Mastercard vice-chairman Anne Cairns has said the EU’s ban on credit card surcharging has boosted transactions and dismissed fears over a return of the £166 million-a-year fees after Brexit.
Ms Cairns said the ban on surcharging had been “fantastic” not only for consumers, but also the credit card industry.
She told the Press Association that Mastercard’s transaction numbers had increased since the ban came into force across Europe in January, which prevents firms from charging consumers for using credit or debit cards or PayPal.
“The elimination of (surcharges) has been fantastic for consumers and we’ve seen more transactions,” she said.
“It’s been hugely positive.
“When I go to other countries in the world and find out I’m being surcharged, I go nuts,” she added.
But there are worries a no-deal Brexit scenario could prove the ban is short-lived in the UK.
Recent technical papers released by the Government revealed the ban would no longer cover cross-border payments between the UK and Europe in the event of a cliff-edge withdrawal.
The Treasury said the cross-border card charges cost Britons £166m in 2015.
Ms Cairns brushed aside fears the ban would not be enforced, saying she “can’t ever see it coming back in”.
“Consumers would make their preference heard,” she said.

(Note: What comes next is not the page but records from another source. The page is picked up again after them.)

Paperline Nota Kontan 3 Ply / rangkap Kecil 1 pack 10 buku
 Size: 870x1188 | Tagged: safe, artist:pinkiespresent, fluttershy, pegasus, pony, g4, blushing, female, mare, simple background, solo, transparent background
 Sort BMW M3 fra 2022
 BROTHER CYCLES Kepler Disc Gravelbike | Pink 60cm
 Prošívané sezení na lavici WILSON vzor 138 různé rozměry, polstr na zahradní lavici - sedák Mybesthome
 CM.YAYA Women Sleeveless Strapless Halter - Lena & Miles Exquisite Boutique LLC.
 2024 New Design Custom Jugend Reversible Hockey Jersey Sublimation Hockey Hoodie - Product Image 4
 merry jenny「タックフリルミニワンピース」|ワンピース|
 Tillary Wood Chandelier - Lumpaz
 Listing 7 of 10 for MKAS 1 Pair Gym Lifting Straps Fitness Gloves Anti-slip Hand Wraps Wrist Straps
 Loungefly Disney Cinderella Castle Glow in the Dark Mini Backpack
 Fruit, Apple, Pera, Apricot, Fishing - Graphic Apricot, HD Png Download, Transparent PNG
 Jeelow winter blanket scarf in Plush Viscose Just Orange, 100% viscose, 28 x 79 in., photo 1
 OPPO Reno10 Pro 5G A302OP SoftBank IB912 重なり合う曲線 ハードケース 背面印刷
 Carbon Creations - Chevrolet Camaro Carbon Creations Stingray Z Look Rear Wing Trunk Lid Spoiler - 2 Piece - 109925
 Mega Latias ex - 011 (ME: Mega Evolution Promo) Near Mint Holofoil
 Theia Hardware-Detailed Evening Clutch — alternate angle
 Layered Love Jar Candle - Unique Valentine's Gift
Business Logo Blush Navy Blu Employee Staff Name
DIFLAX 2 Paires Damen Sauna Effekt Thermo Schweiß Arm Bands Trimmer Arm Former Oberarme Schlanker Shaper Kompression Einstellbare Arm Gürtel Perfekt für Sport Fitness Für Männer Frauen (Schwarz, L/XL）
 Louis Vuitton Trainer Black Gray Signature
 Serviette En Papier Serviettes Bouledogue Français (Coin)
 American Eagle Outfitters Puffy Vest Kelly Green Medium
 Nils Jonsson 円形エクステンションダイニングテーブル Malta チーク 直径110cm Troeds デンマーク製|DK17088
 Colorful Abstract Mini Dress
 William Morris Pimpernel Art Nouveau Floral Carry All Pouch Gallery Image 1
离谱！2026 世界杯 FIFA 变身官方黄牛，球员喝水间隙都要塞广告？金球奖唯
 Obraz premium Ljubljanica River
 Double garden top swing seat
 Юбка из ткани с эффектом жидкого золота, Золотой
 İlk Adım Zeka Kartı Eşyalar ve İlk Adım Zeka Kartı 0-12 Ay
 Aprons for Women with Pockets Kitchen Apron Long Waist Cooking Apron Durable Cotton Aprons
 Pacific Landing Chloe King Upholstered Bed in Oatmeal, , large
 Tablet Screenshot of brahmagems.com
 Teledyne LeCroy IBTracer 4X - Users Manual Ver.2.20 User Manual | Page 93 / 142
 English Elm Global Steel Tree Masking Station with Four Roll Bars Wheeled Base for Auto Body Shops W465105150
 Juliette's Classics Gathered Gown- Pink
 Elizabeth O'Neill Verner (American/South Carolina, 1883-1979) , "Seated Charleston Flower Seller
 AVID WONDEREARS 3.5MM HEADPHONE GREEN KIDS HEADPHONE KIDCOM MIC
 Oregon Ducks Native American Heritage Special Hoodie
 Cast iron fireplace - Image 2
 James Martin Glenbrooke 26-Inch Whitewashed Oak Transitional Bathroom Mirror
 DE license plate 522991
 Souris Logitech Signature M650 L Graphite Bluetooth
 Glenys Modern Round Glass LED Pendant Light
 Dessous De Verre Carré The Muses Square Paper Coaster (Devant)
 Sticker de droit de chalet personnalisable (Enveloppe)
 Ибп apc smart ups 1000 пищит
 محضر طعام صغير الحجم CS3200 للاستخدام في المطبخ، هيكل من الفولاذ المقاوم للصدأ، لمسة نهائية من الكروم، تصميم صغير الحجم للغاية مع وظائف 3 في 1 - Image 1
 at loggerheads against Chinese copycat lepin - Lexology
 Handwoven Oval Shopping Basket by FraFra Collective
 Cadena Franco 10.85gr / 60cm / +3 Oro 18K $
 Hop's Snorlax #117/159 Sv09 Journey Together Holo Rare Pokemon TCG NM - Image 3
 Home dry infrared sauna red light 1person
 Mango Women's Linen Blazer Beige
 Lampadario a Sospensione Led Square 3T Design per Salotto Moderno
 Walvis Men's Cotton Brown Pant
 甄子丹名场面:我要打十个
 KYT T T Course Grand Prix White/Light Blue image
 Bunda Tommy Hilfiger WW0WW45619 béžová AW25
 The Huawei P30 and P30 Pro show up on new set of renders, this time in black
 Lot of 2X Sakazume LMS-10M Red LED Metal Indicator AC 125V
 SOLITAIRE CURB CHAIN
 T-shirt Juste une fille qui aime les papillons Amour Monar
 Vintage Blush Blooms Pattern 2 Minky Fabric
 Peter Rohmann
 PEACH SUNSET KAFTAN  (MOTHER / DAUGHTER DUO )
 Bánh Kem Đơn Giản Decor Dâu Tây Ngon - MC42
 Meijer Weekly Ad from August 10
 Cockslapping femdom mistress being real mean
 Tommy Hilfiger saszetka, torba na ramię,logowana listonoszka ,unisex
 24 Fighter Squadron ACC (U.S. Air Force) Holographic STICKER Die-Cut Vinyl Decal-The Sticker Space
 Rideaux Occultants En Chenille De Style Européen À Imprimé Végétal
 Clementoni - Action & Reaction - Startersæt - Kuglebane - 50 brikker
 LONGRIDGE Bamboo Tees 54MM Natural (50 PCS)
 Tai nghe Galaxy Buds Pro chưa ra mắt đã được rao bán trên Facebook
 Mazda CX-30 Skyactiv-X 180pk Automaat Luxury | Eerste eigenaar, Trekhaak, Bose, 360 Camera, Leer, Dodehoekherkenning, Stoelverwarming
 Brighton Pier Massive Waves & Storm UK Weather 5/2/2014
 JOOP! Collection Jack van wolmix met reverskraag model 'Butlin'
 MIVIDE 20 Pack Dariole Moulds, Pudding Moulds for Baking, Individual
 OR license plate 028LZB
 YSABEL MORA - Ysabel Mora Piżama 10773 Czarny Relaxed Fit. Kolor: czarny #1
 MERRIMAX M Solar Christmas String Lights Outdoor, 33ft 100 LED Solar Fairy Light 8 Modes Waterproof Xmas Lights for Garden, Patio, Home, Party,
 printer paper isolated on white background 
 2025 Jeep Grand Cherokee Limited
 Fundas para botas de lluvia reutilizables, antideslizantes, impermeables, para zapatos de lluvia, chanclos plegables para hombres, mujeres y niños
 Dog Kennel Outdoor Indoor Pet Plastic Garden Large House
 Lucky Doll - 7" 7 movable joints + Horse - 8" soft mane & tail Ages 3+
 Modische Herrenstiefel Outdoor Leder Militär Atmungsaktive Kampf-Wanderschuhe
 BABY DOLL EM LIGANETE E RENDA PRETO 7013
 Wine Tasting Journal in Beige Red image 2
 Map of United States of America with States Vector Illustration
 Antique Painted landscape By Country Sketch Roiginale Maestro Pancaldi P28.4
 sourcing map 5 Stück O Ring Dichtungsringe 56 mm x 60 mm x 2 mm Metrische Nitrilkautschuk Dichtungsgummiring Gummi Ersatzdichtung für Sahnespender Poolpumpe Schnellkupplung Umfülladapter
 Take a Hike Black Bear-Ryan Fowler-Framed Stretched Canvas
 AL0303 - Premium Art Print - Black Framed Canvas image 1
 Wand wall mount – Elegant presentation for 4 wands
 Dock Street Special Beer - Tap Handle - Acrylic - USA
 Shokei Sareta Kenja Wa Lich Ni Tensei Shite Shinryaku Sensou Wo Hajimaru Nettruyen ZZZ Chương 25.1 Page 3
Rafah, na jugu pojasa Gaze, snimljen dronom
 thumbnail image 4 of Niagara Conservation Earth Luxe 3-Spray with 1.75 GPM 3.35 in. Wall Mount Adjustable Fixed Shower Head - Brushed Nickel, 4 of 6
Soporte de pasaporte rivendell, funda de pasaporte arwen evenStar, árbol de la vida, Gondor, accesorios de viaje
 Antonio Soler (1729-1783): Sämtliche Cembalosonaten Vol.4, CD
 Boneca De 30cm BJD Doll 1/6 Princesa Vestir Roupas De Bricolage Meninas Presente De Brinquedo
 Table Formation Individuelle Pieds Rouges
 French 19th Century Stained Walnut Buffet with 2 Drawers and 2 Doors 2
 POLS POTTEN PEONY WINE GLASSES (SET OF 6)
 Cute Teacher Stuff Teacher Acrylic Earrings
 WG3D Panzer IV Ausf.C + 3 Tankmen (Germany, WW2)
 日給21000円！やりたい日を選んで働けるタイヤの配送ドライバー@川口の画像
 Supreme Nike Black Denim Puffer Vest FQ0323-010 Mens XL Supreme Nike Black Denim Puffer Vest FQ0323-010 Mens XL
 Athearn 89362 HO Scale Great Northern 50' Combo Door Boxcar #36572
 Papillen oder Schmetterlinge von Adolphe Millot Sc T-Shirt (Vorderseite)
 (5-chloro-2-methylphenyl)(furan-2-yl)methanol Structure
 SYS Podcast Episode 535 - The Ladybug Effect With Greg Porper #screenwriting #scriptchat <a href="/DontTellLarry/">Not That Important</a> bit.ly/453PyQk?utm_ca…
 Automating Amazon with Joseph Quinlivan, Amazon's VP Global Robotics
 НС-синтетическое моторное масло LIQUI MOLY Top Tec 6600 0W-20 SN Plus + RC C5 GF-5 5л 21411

Aside from Brexit implications, Ms Cairns - who was promoted from international president to vice-chairman of the global payments giant in June - said the industry has also been grappling with a raft of IT meltdowns this year.
As well as the IT failure that blocked millions of Visa payments in June, there has also been technology meltdowns at high street lender TSB, as well as a number of cyber hacks that have compromised millions of consumer card details.
Ms Cairns said Mastercard spends a “huge amount” each year on prevention and detection of cyber crime, while the group also builds these systems to sell to banks.
She blames ageing technology and botched migrations for the recent spate of banking meltdowns, but insists the industry is getting better.